Construction output growth eased to 0.7% in October 2014 on the same period a year ago, its slowest pace since June 2013, according to a report published today (12 December) by the Office for National Statistics.
On a month-by-month basis, construction output contracted by 2.2% in October compared with September. New orders for Q3 2014 grew by 3.2% on the same period a year ago and a range of external indicators show that output growth remains strong.
On an annual basis, the main categories of construction output showed divergent trends. Overall growth was driven by new work, which rose by 1.4%. Within new work, the strongest component was housing (public and private), which increased by around 18%. In contrast, repair & maintenance work contracted, led by a fall of 2.1% in housing.

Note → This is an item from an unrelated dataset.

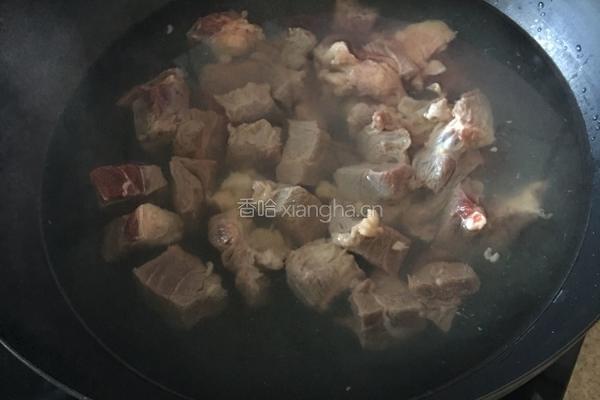 红烧胡萝卜牛肉的做法图解2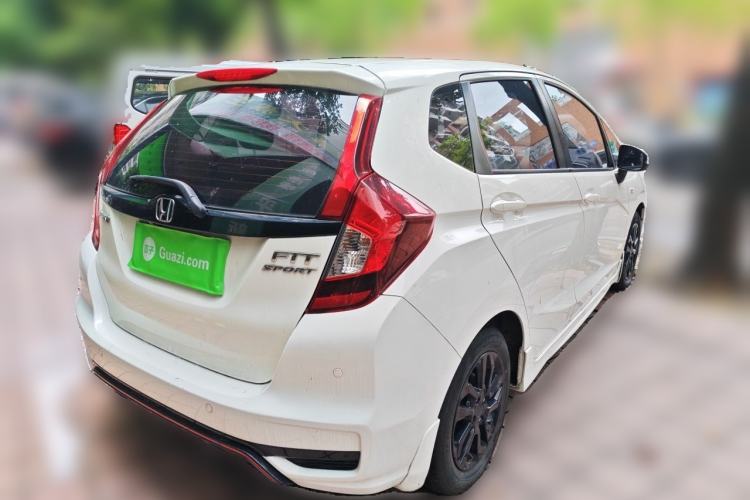 Used Honda Fit 2018 1.5L CVT Trendy Run+ Edition Rear Right 45 Deg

On a monthly basis, the reduction in construction output was more uniform. New work and repair & maintenance both contracted. New work fell by 1.7% due to declines in private sector components.
Repair & maintenance output fell by 3.1% as all components contracted. The only sub-category of construction output that saw an increase was public new work (excluding infrastructure), which was up marginally.
New orders for construction grew by 3.2% on the same period a year ago in Q3 2014, and by 5.2% on the previous quarter to reach their highest level since Q2 2013. New orders were driven by private housing and private commercial orders, which rose by around 14% and 45% respectively on an annual basis. The strength of new orders for private housing is consistent with the number of housing starts, which has remained firm in recent periods.
A number of external indicators show that the construction industry continues to grow although demand for housing may be easing. The Bank of England’s Agents' Summary of Business Conditions for October 2014 noted that an increasing number of commercial projects were supporting housebuilding. In addition, the Bank of England’s Inflation Report, November 2014 indicated that housing market activity and housing investment may have been supported by greater household optimism and easier credit conditions. This is evidenced by the ONS House Price Index, which showed that annual UK house price inflation increased to 12.1% in the year to September 2014.
The Agents’ Summary also highlighted that demand for housing had softened to become more aligned with supply, leading to less upward pressure on house prices. This was reflected in the Bank of England’s Credit Conditions' Survey for Q3 2014, which reported that demand for residential mortgages had fallen significantly in the quarter. But, despite these developments, housebuilders were yet to scale back activity.